(Information supplied)
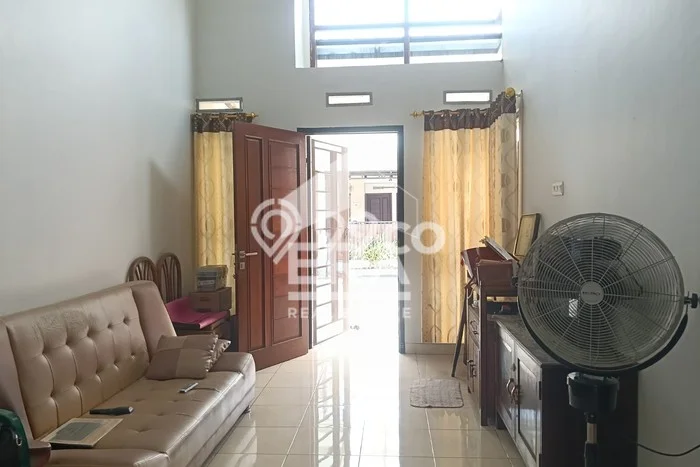 Rumah Bagus Siap Pakai Di Gayamsari Luas 80m2 Lokasi Strategis Rumah Bagus Siap Pakai Di Gayamsari Luas 80m2 Lokasi Strategis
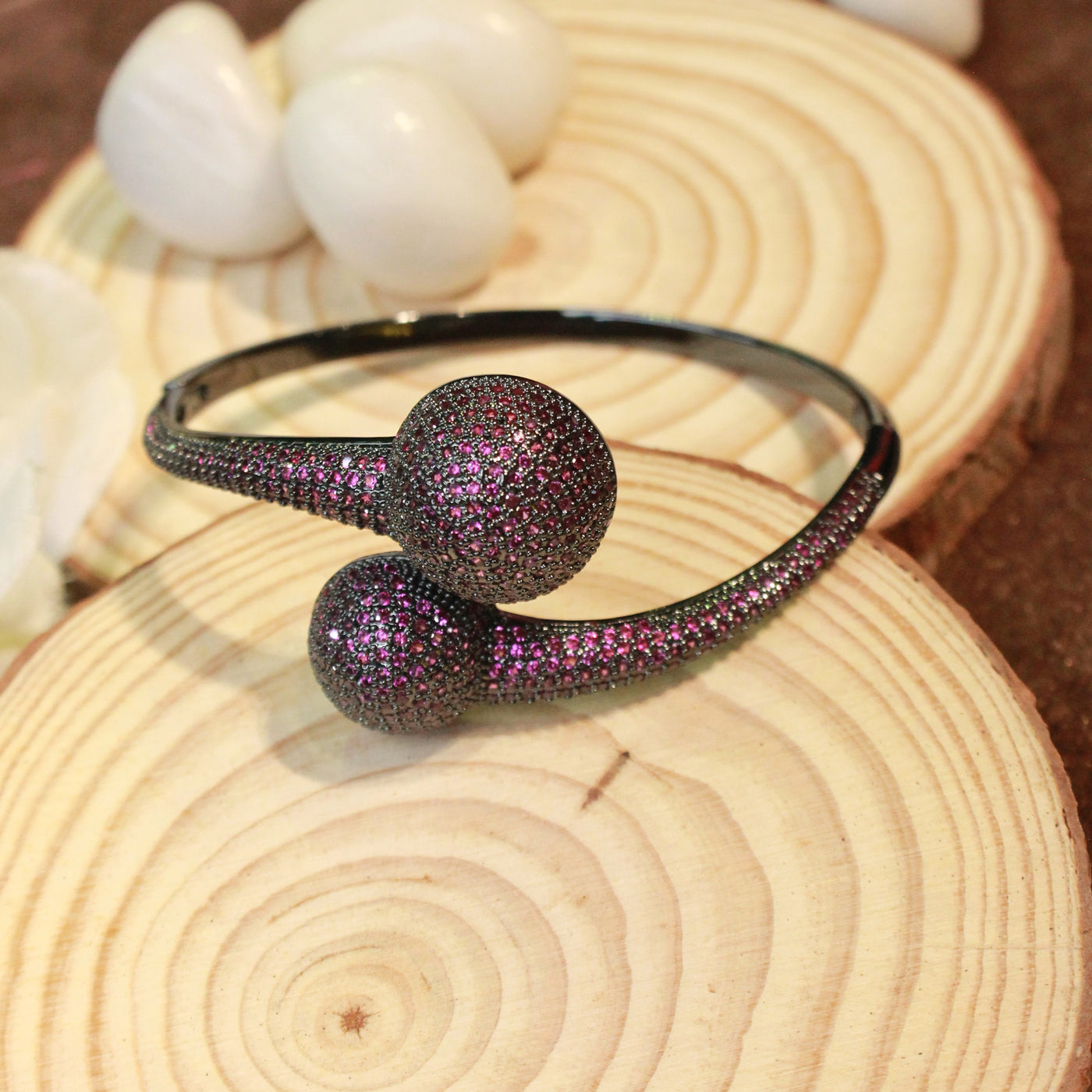 Black Bracelet with Dual Pink Sphere Ends - SIA451767 _A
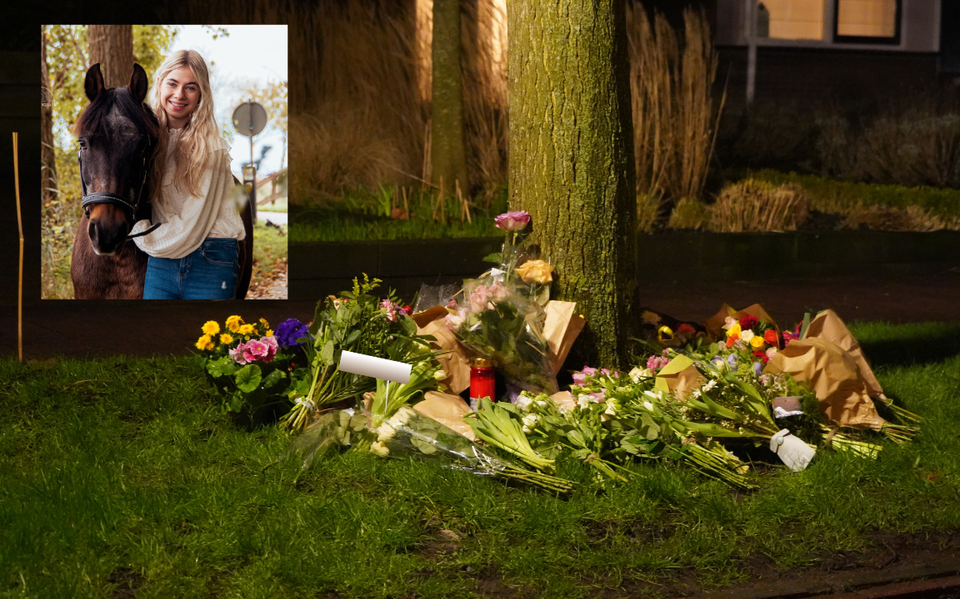 Bloemen in de A.S. de Blécourtlaan in Winsum, na de moord op de 17-jarige Jet.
(End Information supplied)
▶ What the exercise asks
In the copy, no pictures are to appear; write out exactly the lines from the one containing "Black Bracelet with" through the end of the listing above and no further lines.

▶ Solution to this task
 Black Bracelet with Dual Pink Sphere Ends - SIA451767 _A
 Bloemen in de A.S. de Blécourtlaan in Winsum, na de moord op de 17-jarige Jet.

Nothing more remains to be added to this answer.